■ Data below:
================================

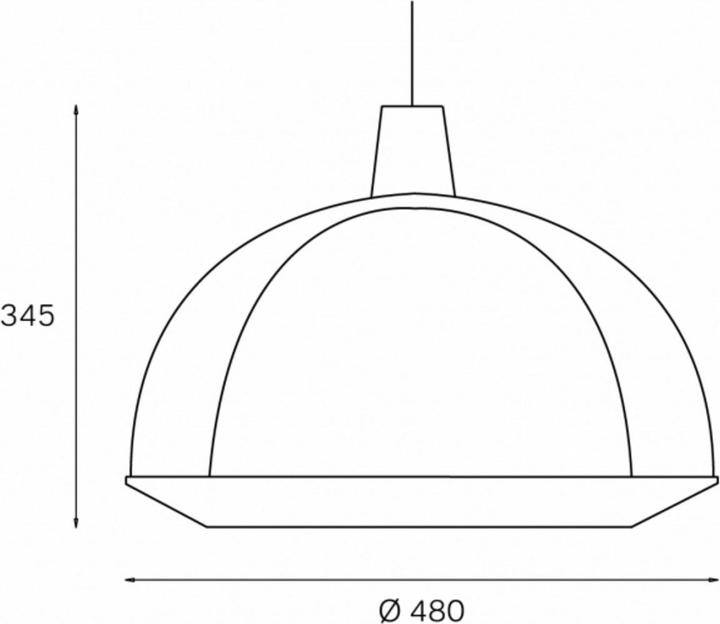 Actual product image Innolux Kuplat pendant light (E27)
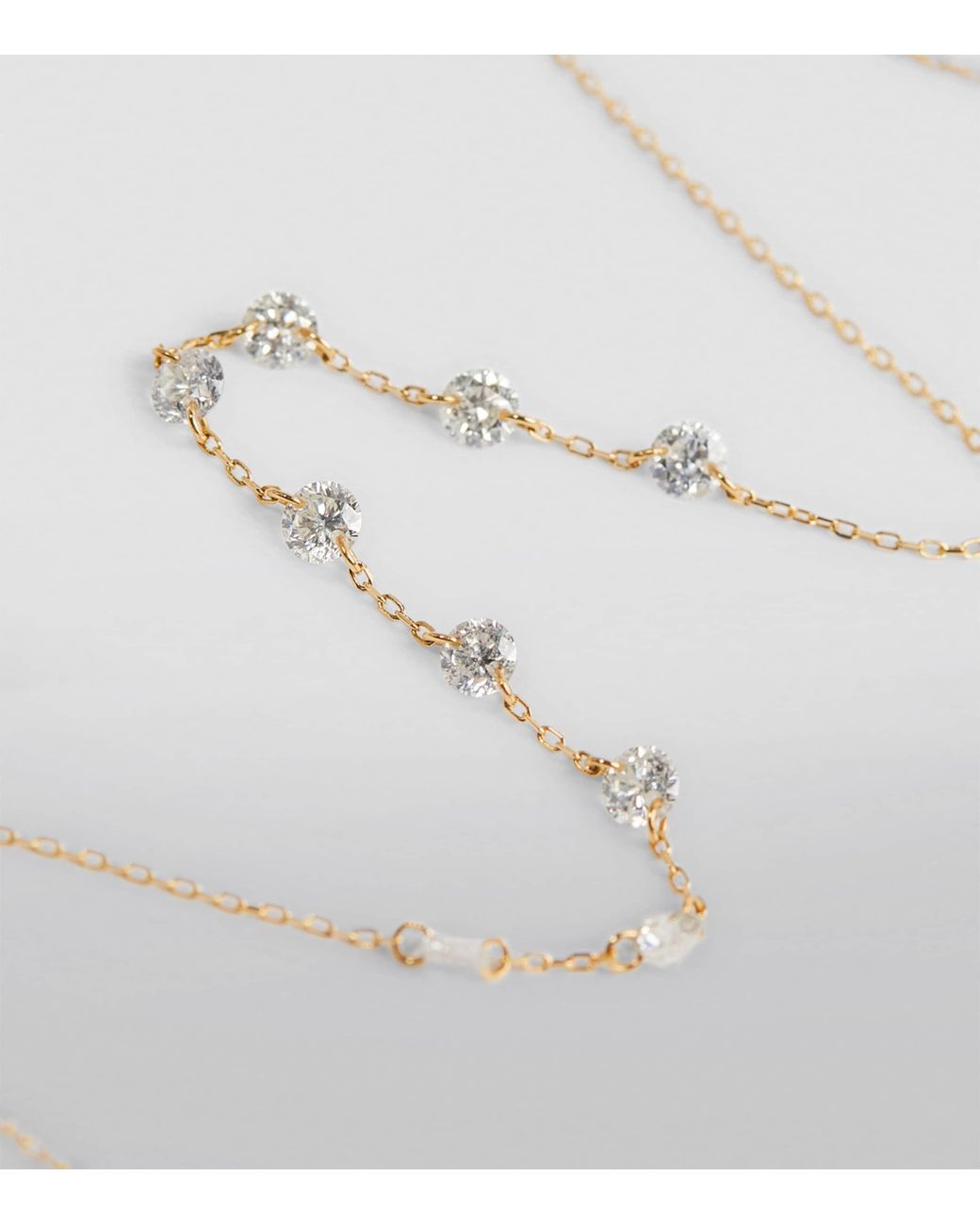 PERSÉE White And Diamond 9-Stone Danaé Necklace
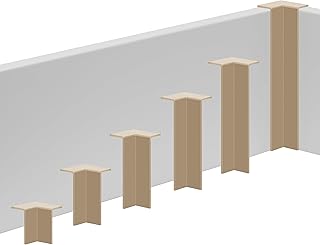 REESE Innenecke Eiche für Sockelleisten | 18 x 40 mm | passgenau | Profil Weimar | Verbinder für Leisten | einfache Montage ohne Bohren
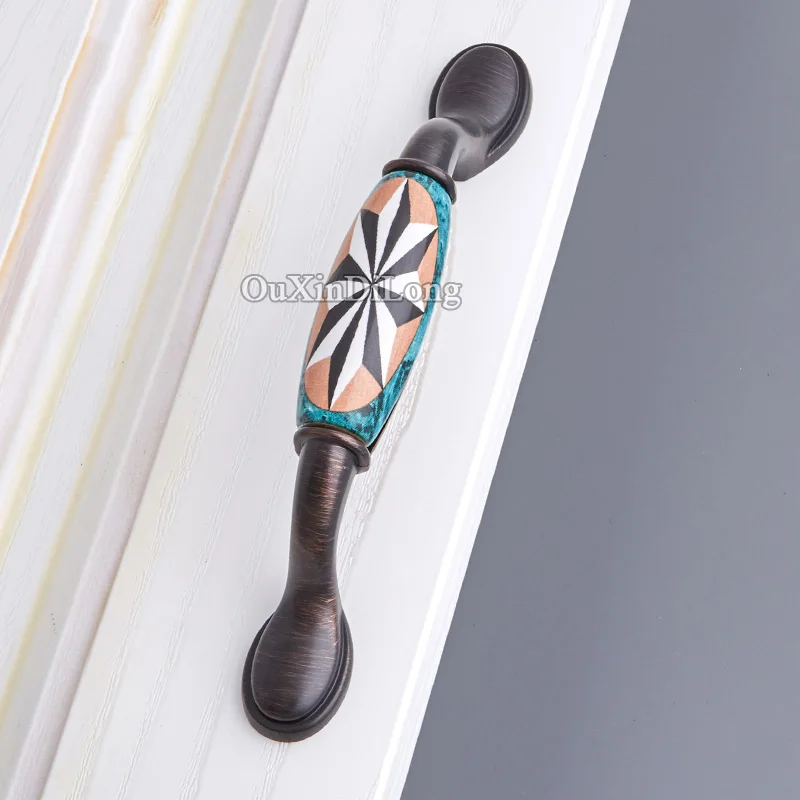 10 шт. ручка для кухонной двери с керамическим принтом|cabinet pull handle|designer kitchen door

================================

■ Task goal:
Skipping all images, print the data above a second time exactly.

■ Solution below:
 Actual product image Innolux Kuplat pendant light (E27)
 PERSÉE White And Diamond 9-Stone Danaé Necklace
 REESE Innenecke Eiche für Sockelleisten | 18 x 40 mm | passgenau | Profil Weimar | Verbinder für Leisten | einfache Montage ohne Bohren
 10 шт. ручка для кухонной двери с керамическим принтом|cabinet pull handle|designer kitchen door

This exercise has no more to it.